=== Section Start ===

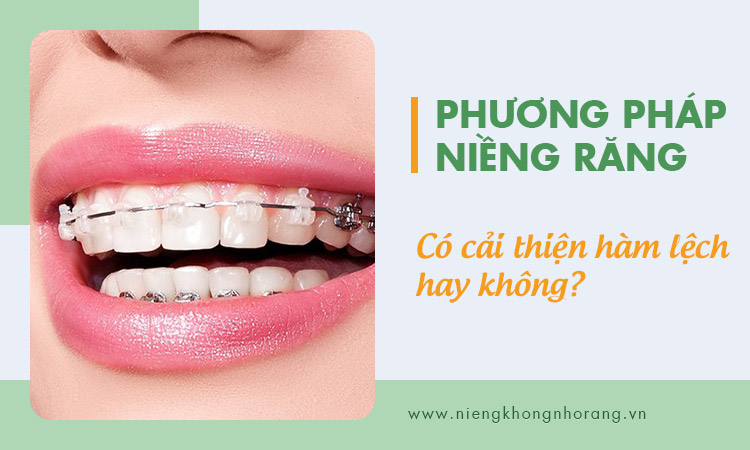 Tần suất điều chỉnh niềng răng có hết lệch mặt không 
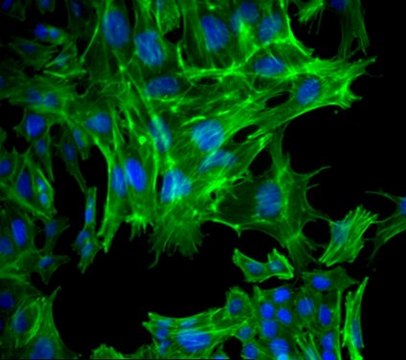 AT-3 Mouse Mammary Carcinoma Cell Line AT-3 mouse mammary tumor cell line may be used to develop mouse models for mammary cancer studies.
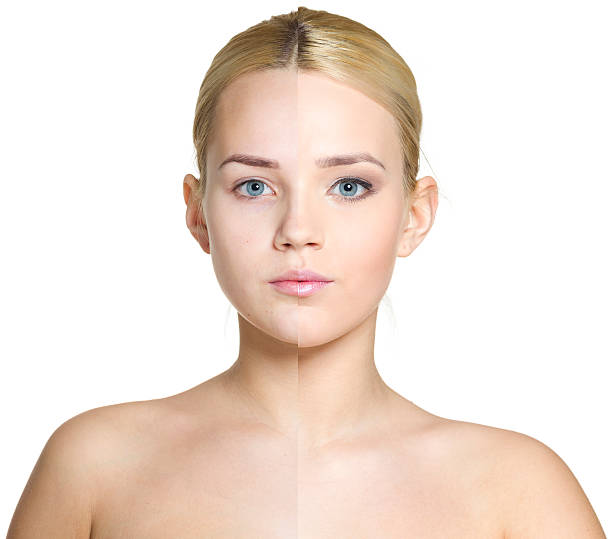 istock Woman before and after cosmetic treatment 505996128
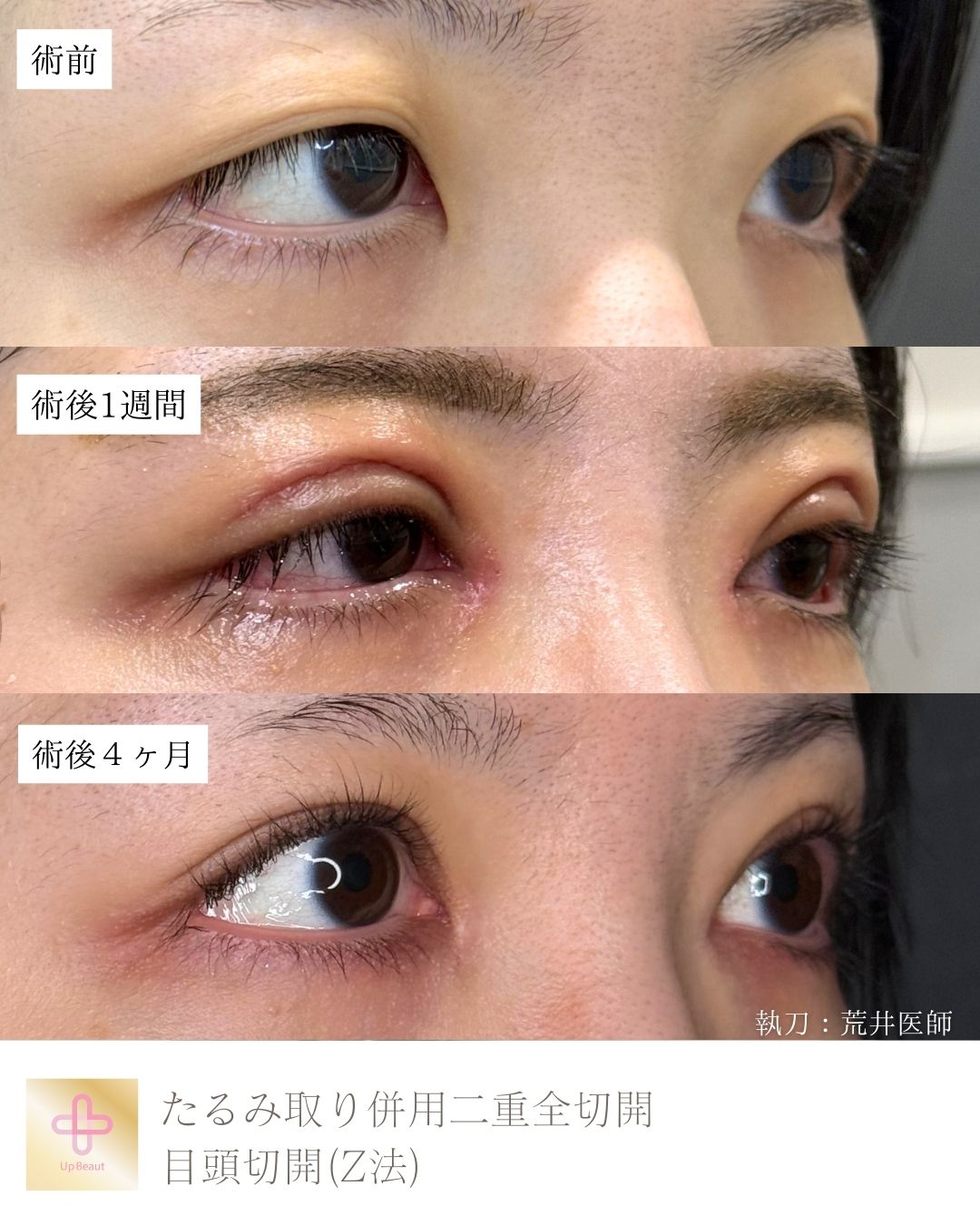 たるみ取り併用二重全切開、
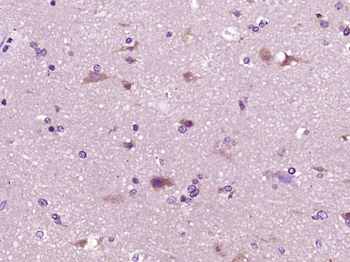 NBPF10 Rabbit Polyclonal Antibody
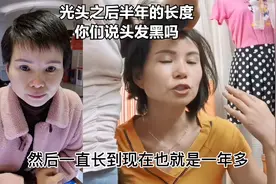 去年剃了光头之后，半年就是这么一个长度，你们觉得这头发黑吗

=== Section End ===

* TASK PROMPT: Each record above must be retyped exactly, minus its pictures.

* OUTPUT:
 Tần suất điều chỉnh niềng răng có hết lệch mặt không 
 AT-3 Mouse Mammary Carcinoma Cell Line AT-3 mouse mammary tumor cell line may be used to develop mouse models for mammary cancer studies.
 istock Woman before and after cosmetic treatment 505996128
 たるみ取り併用二重全切開、
 NBPF10 Rabbit Polyclonal Antibody
 去年剃了光头之后，半年就是这么一个长度，你们觉得这头发黑吗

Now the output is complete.